It is generally accepted that competitive markets fail due to four basic reasons: market power, incomplete information, externalities and public goods. Inefficiency arises when a producer or a supplier of a factor input has market power–both Google and Amazon undoubtedly have that power. Currently, they are the two biggest market players behind leading Apple, with Amazon also being the biggest online retail and content provider. Both competitors have decided on the quantities of devices to be produced and at which marginal revenue to sell. Both have conceded that the marginal revenue is going to be equal to the marginal cost, thereby voluntarily squeezing their profit margin for these devices to near zero, while projecting that the high profit margins will come from selling content and services to their consumers.
This marketing strategy succeeds in making competitive products/brands appear overpriced to the lay consumer, regardless of the fact they are costly to produce. As a result, they force other producers to lower their selling price and subsequently their profit margins. Further, they corner producers into the forced dilemma of choosing between quantity and quality when designing and producing new devices. All this, while Google is aiming to both make a profit and broaden the reach of its Android operating system, and Amazon is looking for ways to restore the profit gap when customers buy movies, books and magazines from its store.
Andrew Rassweiler, an IHS senior director, said Google’s tablet is also clearly aimed at Amazon.com, which shook up the tablet market last year by offering its own version at $199. “Google’s Nexus 7 represents less of an attempt to compete with Apple Inc.’s market-leading iPad, and more of a bid to battle with Amazon’s Kindle Fire,” he said in a statement. While the two are “similar in many regards,” he added that the Nexus 7 “has superior specifications to the Kindle Fire, giving it a more attractive feature set that may make it more desirable to consumers.” Amazon and Google don’t care to monopolize the market, but they do care to achieve a monopsony.

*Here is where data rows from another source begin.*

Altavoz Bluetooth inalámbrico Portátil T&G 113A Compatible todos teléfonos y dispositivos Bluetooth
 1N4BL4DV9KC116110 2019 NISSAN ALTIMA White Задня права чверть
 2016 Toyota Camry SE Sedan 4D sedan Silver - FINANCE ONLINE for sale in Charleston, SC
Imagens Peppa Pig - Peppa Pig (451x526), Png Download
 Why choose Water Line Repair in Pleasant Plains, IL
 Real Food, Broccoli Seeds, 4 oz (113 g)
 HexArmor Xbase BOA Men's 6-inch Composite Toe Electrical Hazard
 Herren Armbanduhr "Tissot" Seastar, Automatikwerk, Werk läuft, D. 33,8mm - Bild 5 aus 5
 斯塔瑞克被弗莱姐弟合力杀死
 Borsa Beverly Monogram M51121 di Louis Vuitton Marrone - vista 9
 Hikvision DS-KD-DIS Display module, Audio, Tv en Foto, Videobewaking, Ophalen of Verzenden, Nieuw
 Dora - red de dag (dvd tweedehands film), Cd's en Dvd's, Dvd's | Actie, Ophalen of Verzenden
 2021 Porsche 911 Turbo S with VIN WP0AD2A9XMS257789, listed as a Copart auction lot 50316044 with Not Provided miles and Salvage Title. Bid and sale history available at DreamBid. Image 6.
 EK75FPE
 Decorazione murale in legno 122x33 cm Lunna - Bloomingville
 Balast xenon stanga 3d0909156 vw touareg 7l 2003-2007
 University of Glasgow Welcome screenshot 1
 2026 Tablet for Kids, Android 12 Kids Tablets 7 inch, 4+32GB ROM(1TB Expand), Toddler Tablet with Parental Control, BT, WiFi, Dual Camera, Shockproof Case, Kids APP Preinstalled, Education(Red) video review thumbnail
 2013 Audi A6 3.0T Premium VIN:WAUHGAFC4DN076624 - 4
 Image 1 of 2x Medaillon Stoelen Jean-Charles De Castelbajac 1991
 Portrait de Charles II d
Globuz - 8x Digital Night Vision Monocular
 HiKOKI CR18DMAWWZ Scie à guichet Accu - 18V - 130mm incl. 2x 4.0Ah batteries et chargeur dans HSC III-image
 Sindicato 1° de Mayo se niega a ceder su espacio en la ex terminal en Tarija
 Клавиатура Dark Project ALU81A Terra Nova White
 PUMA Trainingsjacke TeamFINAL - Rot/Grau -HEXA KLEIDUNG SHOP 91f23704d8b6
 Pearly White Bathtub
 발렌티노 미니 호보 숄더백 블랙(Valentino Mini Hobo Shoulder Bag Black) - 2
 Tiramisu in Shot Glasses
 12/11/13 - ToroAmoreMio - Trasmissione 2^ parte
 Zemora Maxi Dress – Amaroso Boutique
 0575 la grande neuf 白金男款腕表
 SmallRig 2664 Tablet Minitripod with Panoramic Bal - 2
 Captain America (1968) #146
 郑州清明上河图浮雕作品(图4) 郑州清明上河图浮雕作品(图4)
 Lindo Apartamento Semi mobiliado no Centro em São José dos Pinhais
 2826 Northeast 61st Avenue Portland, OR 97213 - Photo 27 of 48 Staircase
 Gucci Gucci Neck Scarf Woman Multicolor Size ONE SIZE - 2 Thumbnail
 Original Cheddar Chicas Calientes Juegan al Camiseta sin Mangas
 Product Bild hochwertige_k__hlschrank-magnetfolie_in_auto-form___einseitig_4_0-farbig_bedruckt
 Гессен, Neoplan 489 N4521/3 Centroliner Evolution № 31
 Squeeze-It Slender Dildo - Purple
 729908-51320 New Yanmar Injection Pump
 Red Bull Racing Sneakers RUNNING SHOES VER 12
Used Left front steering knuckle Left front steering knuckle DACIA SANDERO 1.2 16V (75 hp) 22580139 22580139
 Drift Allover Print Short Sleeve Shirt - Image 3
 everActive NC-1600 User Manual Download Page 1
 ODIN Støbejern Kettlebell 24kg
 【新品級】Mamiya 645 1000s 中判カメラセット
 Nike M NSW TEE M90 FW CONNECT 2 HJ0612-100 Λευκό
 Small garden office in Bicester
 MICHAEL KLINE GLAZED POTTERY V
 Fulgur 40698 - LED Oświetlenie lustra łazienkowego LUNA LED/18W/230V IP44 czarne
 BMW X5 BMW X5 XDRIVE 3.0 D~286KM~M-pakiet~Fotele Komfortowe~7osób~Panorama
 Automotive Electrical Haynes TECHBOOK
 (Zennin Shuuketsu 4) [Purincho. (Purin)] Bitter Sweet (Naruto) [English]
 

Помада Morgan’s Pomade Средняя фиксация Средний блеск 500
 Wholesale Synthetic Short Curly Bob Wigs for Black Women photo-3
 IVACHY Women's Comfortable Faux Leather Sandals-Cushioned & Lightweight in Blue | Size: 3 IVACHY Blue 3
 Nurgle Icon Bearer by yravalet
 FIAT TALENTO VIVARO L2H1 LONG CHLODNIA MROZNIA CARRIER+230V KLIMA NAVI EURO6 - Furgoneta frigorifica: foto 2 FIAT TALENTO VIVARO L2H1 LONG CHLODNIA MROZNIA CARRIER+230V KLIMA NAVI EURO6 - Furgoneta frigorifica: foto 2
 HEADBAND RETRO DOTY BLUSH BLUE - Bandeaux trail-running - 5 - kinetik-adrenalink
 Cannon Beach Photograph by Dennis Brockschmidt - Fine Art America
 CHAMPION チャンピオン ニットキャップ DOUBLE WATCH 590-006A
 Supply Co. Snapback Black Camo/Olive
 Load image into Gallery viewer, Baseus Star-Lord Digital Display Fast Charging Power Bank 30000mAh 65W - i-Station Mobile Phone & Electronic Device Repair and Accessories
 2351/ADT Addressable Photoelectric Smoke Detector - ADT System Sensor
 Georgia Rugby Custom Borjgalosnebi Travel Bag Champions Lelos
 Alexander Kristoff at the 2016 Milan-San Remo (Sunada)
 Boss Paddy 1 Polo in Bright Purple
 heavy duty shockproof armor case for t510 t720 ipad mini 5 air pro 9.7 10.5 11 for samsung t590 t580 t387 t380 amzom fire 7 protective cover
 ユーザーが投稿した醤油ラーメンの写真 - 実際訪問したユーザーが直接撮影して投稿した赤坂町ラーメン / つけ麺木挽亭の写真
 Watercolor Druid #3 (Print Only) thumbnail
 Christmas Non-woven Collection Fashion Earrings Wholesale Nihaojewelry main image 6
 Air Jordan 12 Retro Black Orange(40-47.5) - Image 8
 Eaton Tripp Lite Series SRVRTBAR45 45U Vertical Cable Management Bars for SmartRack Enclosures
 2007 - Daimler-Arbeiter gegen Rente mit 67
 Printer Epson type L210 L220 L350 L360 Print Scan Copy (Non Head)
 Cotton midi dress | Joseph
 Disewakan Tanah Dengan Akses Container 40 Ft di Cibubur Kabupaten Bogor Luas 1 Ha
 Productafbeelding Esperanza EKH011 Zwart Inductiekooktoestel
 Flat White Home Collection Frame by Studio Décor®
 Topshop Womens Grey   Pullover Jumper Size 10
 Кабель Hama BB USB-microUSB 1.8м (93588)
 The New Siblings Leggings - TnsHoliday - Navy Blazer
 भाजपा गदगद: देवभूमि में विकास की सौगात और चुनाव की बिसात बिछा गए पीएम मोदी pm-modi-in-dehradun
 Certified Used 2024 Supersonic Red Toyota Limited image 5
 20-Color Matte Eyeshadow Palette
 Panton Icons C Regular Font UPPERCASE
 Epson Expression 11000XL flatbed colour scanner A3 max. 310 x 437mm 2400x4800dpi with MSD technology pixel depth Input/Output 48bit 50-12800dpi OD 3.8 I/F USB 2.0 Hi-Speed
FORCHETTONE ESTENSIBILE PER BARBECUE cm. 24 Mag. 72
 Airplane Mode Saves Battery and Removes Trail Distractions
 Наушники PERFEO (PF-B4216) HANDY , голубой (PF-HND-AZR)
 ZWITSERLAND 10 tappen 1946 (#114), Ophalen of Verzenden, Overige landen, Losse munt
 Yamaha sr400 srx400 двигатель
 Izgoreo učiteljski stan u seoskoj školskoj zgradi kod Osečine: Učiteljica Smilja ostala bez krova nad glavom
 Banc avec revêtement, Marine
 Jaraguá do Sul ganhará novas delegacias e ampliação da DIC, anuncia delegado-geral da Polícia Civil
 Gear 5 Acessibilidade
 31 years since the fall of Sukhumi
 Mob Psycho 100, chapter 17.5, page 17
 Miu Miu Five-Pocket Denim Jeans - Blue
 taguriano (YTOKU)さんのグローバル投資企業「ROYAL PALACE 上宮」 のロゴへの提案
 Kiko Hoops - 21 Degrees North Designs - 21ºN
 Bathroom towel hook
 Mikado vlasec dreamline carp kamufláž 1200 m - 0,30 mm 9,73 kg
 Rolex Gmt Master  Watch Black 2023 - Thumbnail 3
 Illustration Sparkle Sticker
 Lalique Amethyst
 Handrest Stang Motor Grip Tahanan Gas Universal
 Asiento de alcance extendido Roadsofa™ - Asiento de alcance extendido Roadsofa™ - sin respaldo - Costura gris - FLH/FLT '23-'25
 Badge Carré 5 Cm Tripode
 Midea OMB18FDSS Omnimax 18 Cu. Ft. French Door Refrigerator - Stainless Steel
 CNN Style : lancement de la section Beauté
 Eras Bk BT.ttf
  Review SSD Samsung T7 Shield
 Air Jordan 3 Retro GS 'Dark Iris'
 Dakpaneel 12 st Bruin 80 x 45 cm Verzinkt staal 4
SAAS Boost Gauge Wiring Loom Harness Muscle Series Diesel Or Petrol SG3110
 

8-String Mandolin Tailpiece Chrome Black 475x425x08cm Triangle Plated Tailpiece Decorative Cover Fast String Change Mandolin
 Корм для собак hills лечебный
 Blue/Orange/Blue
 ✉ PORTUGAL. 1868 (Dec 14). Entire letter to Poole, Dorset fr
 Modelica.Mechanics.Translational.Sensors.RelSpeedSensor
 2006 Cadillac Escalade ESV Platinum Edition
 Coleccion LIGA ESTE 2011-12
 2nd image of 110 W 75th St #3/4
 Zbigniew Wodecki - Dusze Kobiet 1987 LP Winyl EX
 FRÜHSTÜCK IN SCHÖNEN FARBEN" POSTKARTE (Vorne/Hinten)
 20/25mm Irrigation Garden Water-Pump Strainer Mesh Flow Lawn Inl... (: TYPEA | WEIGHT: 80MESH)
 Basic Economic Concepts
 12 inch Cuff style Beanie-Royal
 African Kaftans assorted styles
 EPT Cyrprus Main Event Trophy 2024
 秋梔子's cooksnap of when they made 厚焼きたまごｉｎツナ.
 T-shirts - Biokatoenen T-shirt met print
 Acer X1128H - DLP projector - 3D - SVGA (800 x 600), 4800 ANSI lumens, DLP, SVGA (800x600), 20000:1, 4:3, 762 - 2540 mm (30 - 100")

Amazon and Google appear to be simultaneously trying to establish a wholesale monopsony and a retail monopoly in the ebook and content/advertising sector. At the same time, it is important to note that Google and Amazon are in effect trying to apply a predatory pricing practice into the market of tablets and content. By selling a Nexus or a Kindle at rock bottom prices, they intend to drive competitors out of the market and/or create entry barriers to potential new competitors. What is even more important to realize is their attempt to establish in buyers’ mind the conviction that well-known products such as the iPad mini are by default overpriced. If competitors, such as Asus, Nook. Samsung or RIM cannot sustain equal or lower prices without losing money, they are eventually driven out of business. Beyond that, potential competitors are discouraged from even attempting to enter the market.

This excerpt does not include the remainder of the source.